:: Information provided ::
▬▬▬▬▬▬▬▬▬▬

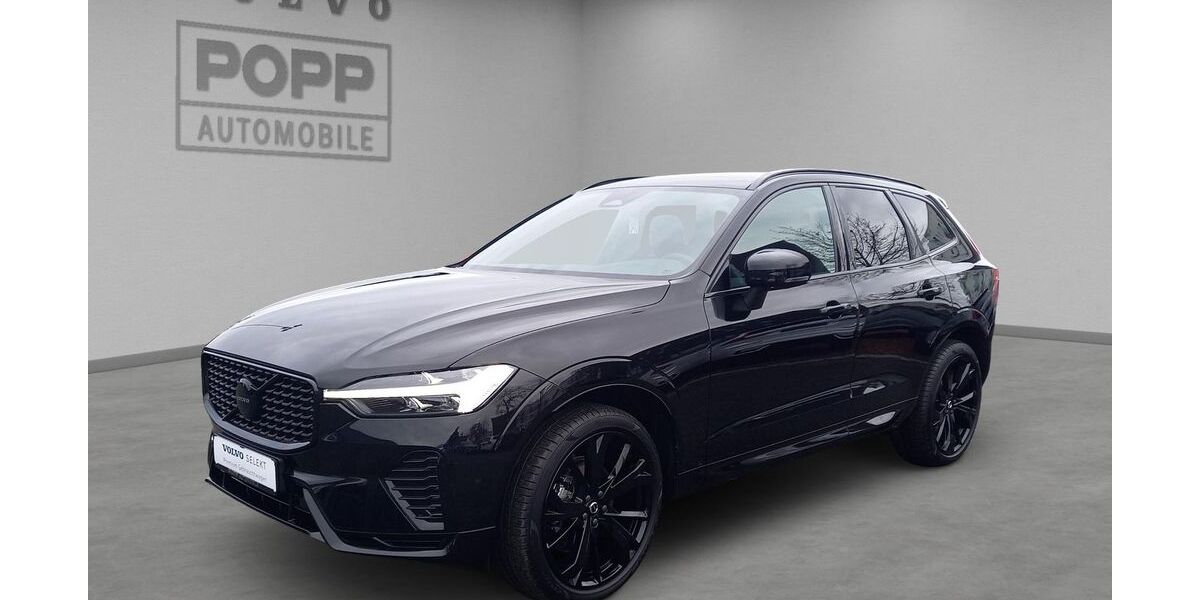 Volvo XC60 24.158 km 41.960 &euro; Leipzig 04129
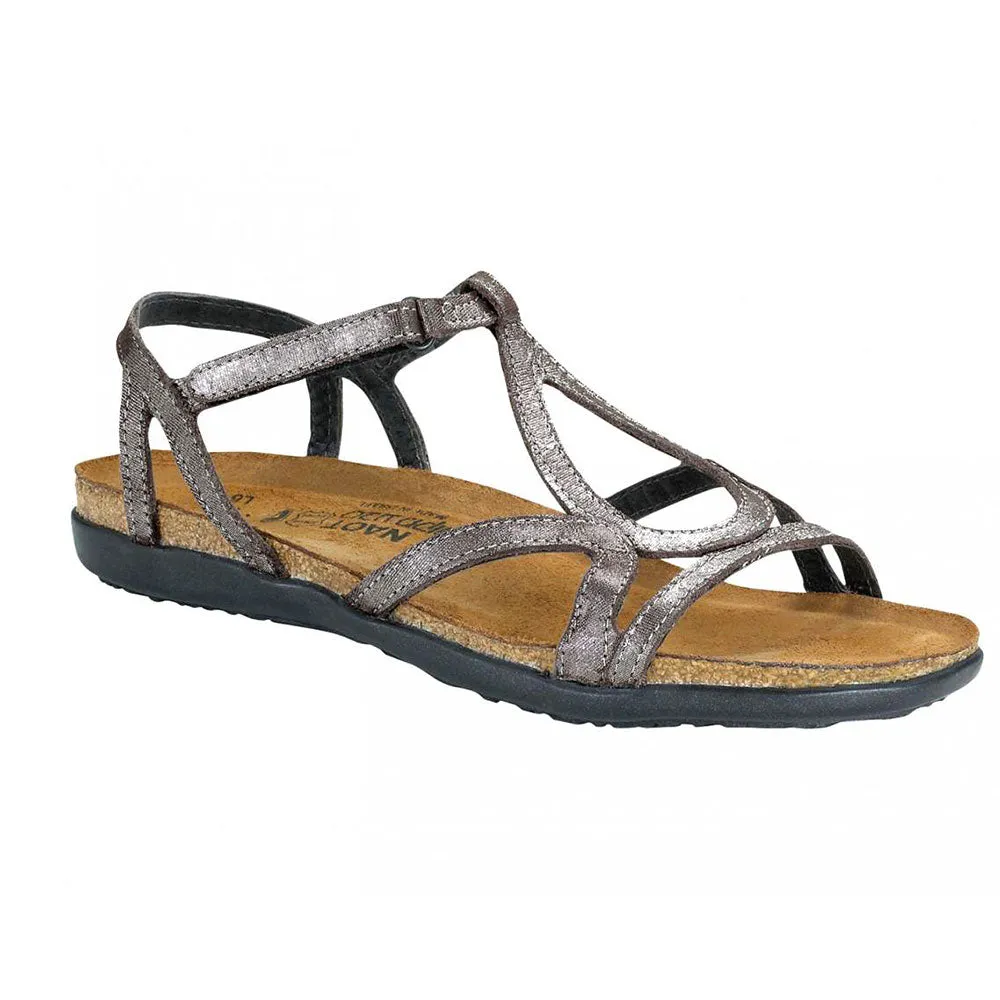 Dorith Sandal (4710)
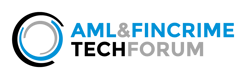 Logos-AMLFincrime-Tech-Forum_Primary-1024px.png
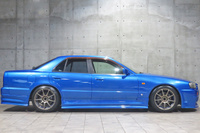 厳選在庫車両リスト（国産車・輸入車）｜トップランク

▬▬▬▬▬▬▬▬▬▬

:: Exercise requirements ::
Starting from the line that has "Dorith Sandal (4710)" and ending at the last line of the material above, every line should be output exactly; pictures are dropped and nothing else appears.

:: Task solution ::
 Dorith Sandal (4710)
 Logos-AMLFincrime-Tech-Forum_Primary-1024px.png
 厳選在庫車両リスト（国産車・輸入車）｜トップランク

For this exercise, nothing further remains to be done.